§ **DESCRIPTION OF THE TASK**
Your answer must be the exact lines below, starting with the line with "2011 Chevrolet Silverado" and going on through the line with "CUPRA Leon 1.4", both included, with no pictures.

§ **DATA EXTRACT**
Start of Block
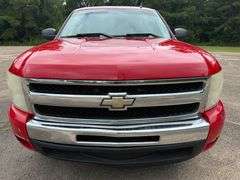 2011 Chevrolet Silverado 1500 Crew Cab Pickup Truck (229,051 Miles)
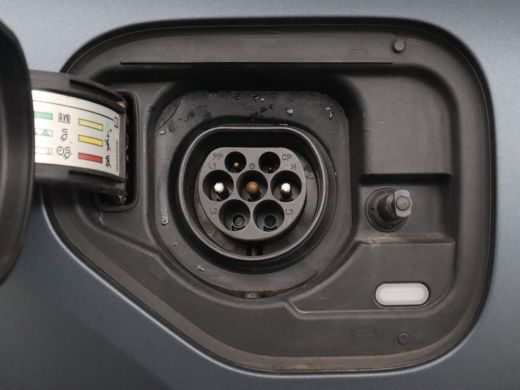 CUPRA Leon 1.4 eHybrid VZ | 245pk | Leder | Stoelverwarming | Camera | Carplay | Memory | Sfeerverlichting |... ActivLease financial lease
End of Block
Start of Block
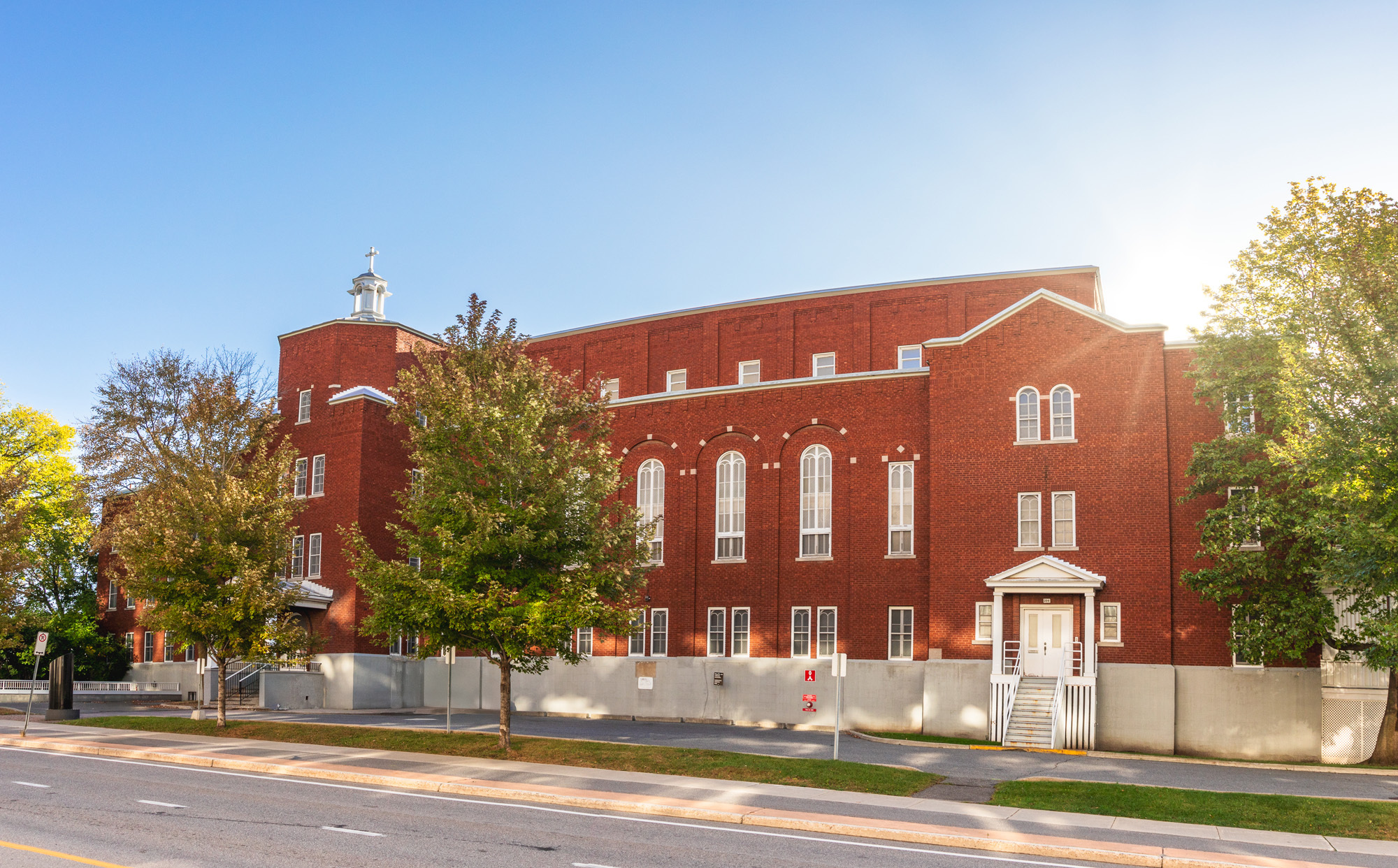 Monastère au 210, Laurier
End of Block
§ **SOLUTION FOR THIS PROBLEM**
 2011 Chevrolet Silverado 1500 Crew Cab Pickup Truck (229,051 Miles)
 CUPRA Leon 1.4 eHybrid VZ | 245pk | Leder | Stoelverwarming | Camera | Carplay | Memory | Sfeerverlichting |... ActivLease financial lease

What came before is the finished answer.